EXERCISE GOAL = Quote all of the data exactly as given. Skip every picture it contains.

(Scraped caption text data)
☆ ☆ ☆ ☆ ☆
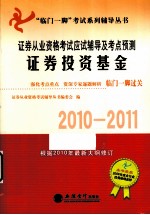 证券从业资格考试应试辅导及考点预测 证券投资基金 2010-2011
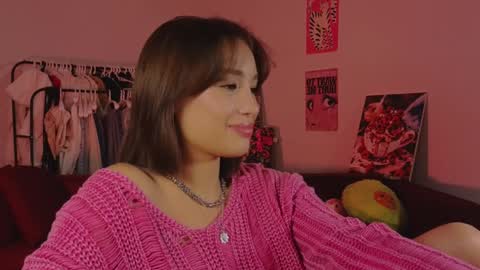Snapshot of tenderlionet chatting on December 27, 8:35 am Rin online show from December 27, 8:35 am
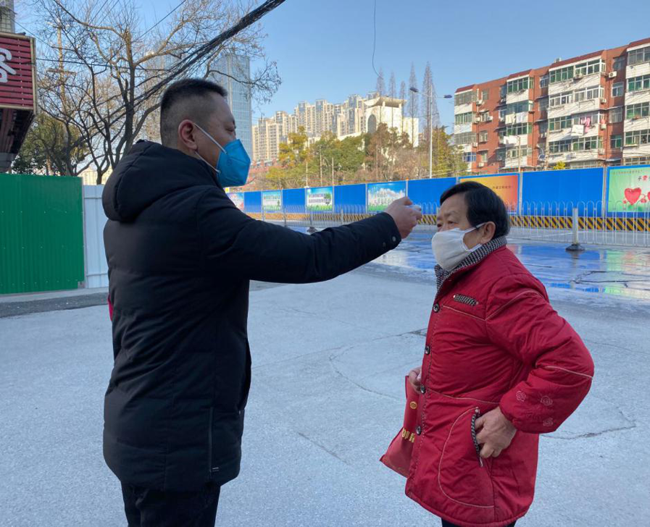 新宝会(中国区)有限公司-集团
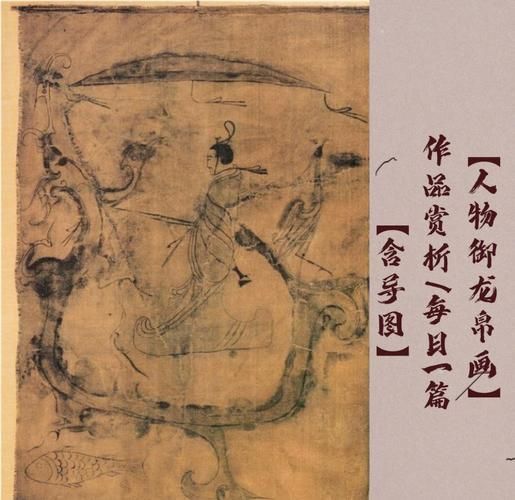 東方文化中的黑龍象征，東方文化中的“黑龍”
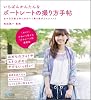 いちばんかんたんなポートレートの撮り方手帖 ~女の子を魅力的にかわいく撮る基本とテクニック~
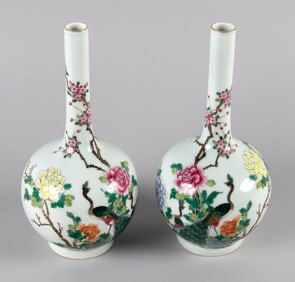 PAIR OF CHINESE FAMILLE ROSE PORCELAIN BOTTLE VASES Early 20th Century Heights 11".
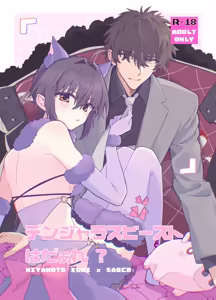 I ken shinkan sanpuru& o shinagaki[ fate grand order,) - hentai manga cover image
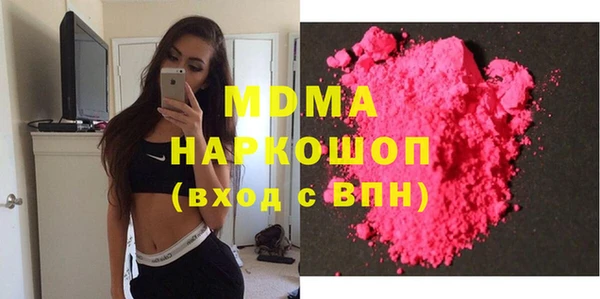 трава Алексеевка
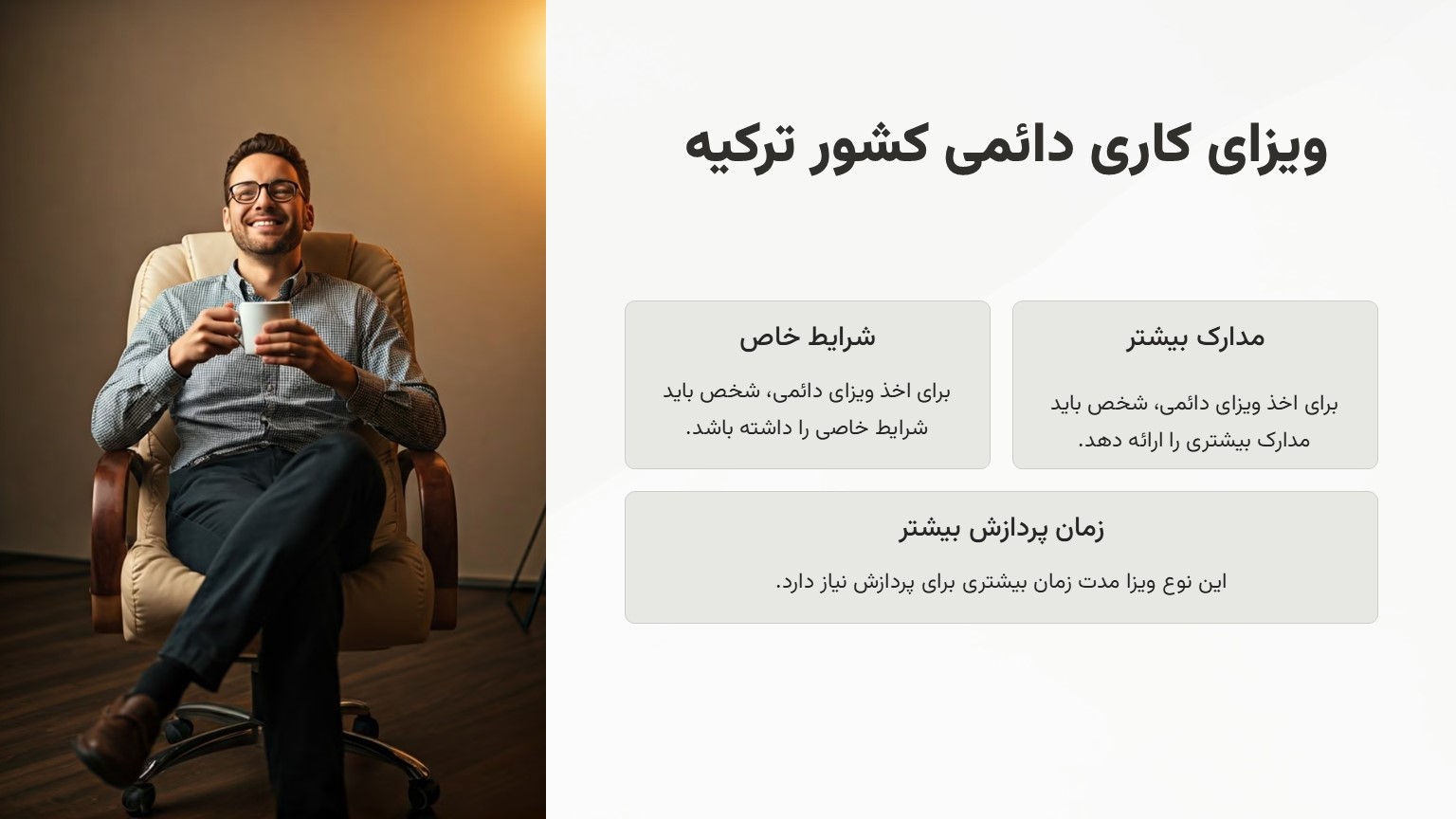 Wp Header Logo 1426.png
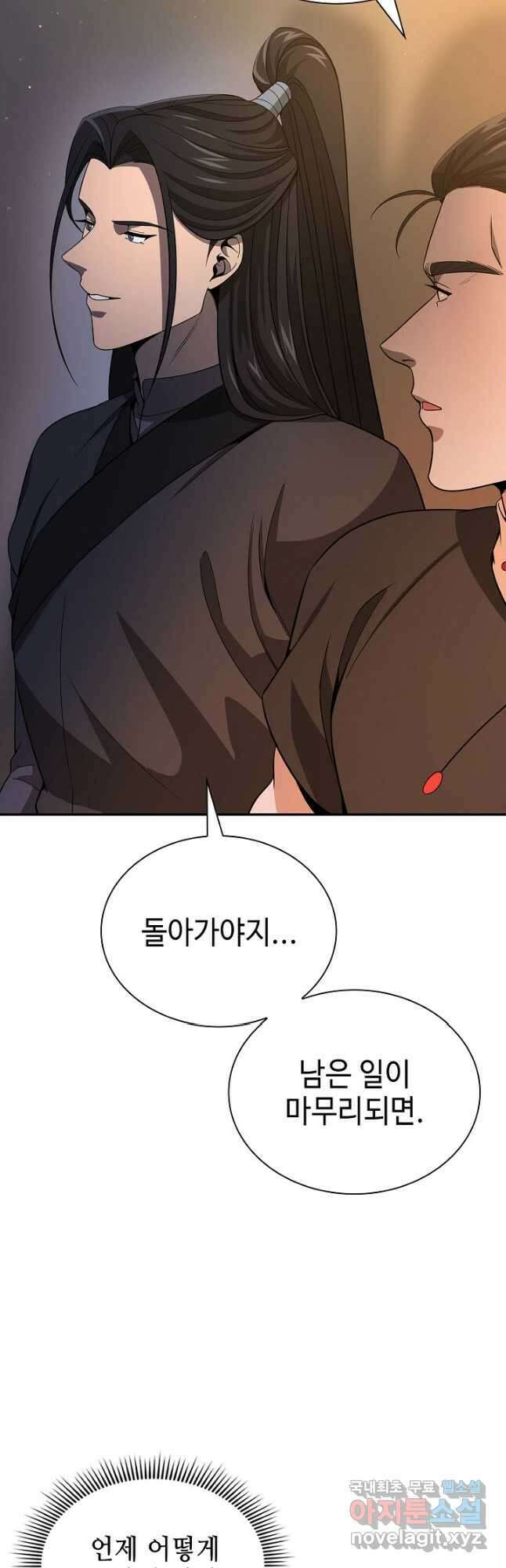 풍운객잔 122화 13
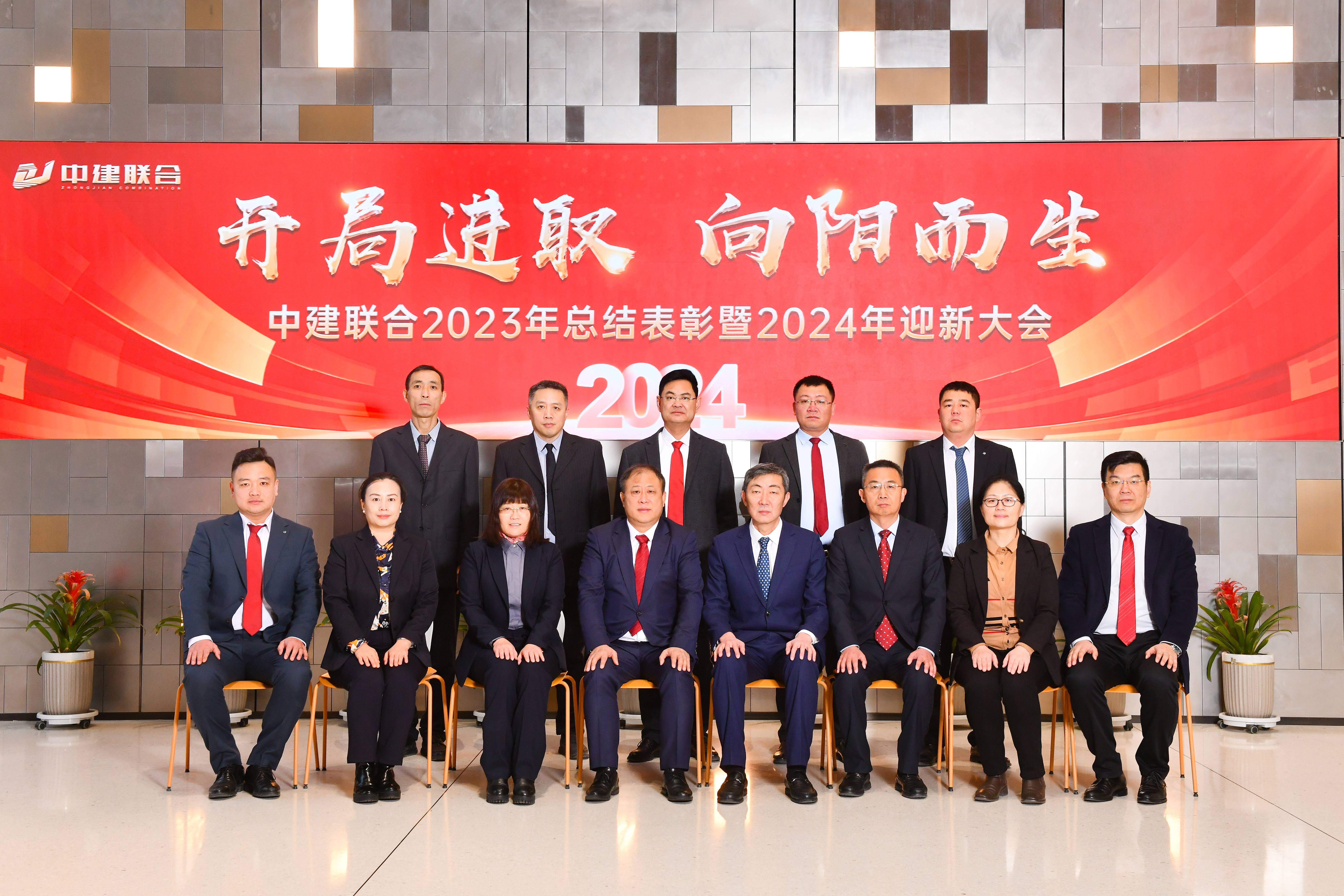 向阳而生，破局进取 | 中建联合2023年度总结表彰暨2024年迎新大会胜利召开(图43)
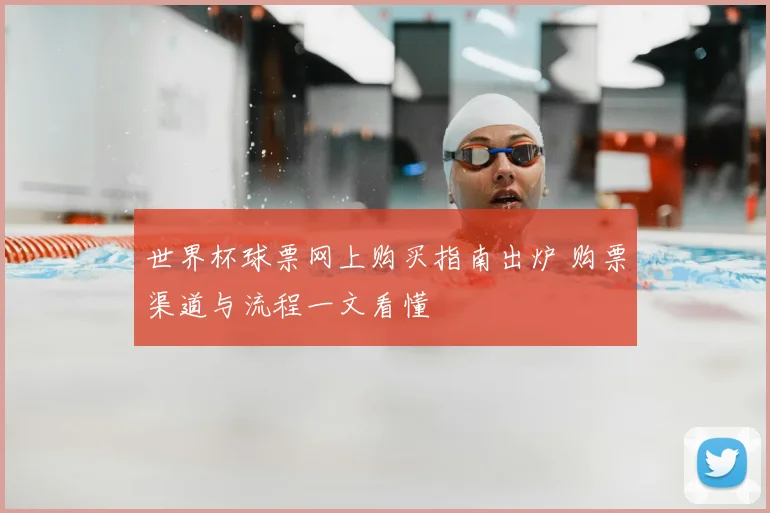 世界杯球票网上购买指南出炉 购票渠道与流程一文看懂
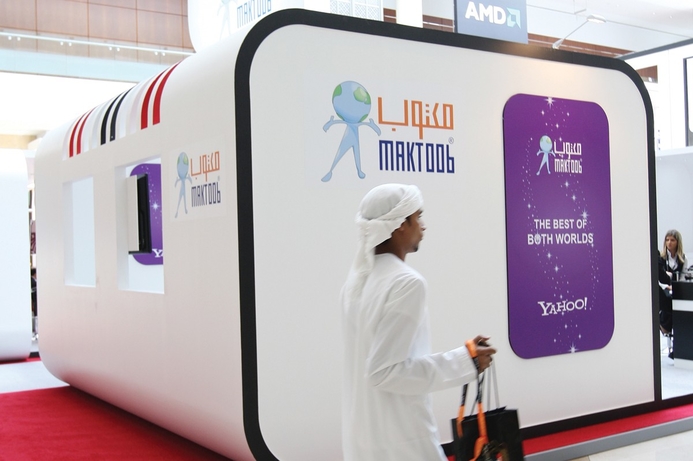 Yahoo!-Maktoob deal is almost done. Yahoo!-Maktoob merger close to being finalised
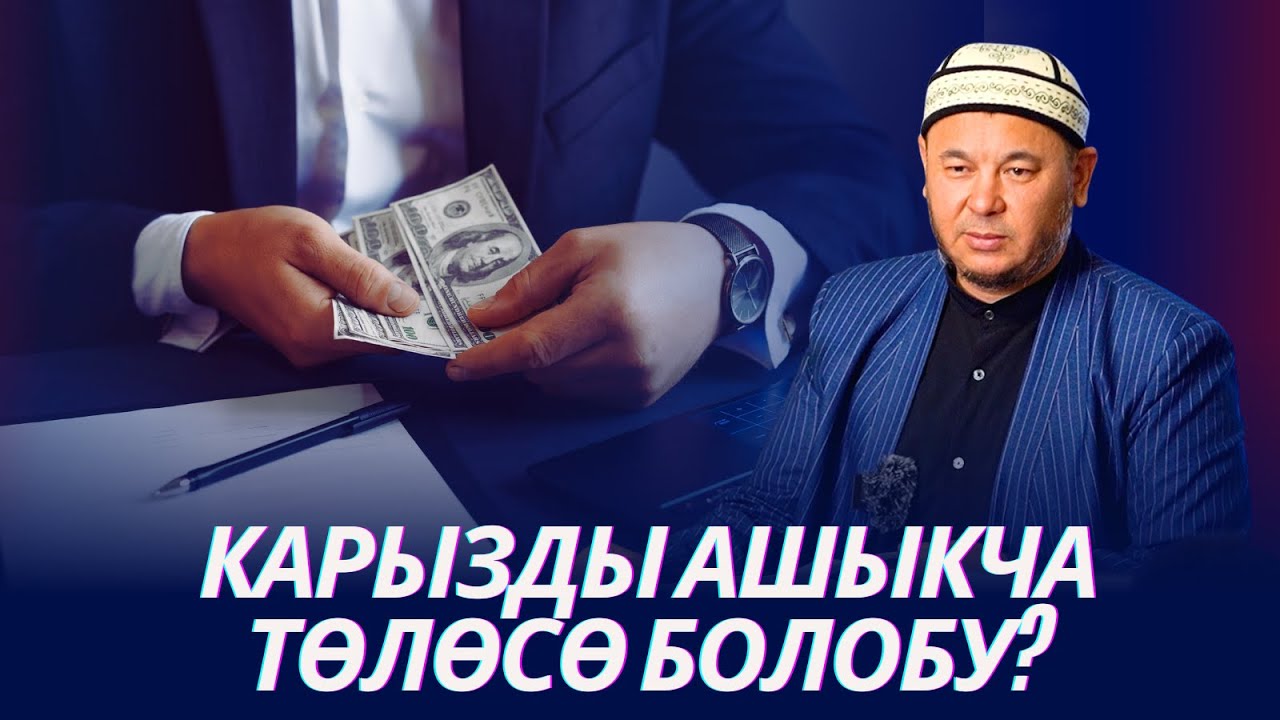 Карызды ашыкча төлөсө болобу. Мамлекеттин кредитин алса болобу. Устаз Олжобай Алимбеков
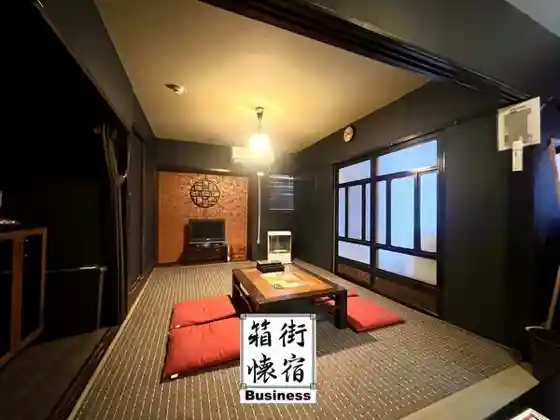 Tsukushiya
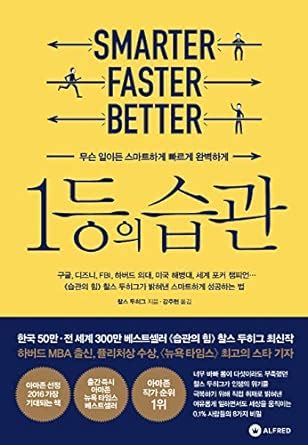 Smarter Faster Better Korean Edition Epub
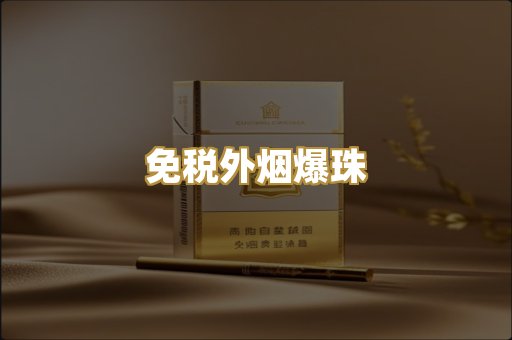 越南代工烟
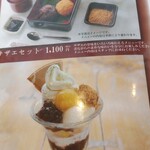 甘味茶寮 和雅家 - 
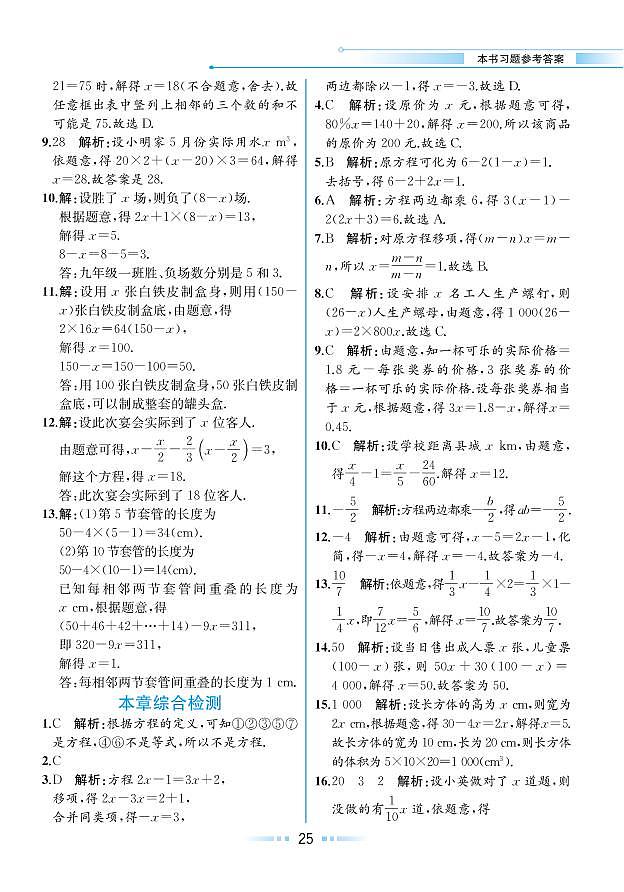 【教材解读】湘教版数学七年级上册 第3章 一元一次方程 本章综合检测01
☆ ☆ ☆ ☆ ☆
EXPECTED ANSWER =
 证券从业资格考试应试辅导及考点预测 证券投资基金 2010-2011
Snapshot of tenderlionet chatting on December 27, 8:35 am Rin online show from December 27, 8:35 am
 新宝会(中国区)有限公司-集团
 東方文化中的黑龍象征，東方文化中的“黑龍”
 いちばんかんたんなポートレートの撮り方手帖 ~女の子を魅力的にかわいく撮る基本とテクニック~
 PAIR OF CHINESE FAMILLE ROSE PORCELAIN BOTTLE VASES Early 20th Century Heights 11".
 I ken shinkan sanpuru& o shinagaki[ fate grand order,) - hentai manga cover image
 трава Алексеевка
 Wp Header Logo 1426.png
 풍운객잔 122화 13
 向阳而生，破局进取 | 中建联合2023年度总结表彰暨2024年迎新大会胜利召开(图43)
 世界杯球票网上购买指南出炉 购票渠道与流程一文看懂
 Yahoo!-Maktoob deal is almost done. Yahoo!-Maktoob merger close to being finalised
 Карызды ашыкча төлөсө болобу. Мамлекеттин кредитин алса болобу. Устаз Олжобай Алимбеков
 Tsukushiya
 Smarter Faster Better Korean Edition Epub
 越南代工烟
 甘味茶寮 和雅家 - 
 【教材解读】湘教版数学七年级上册 第3章 一元一次方程 本章综合检测01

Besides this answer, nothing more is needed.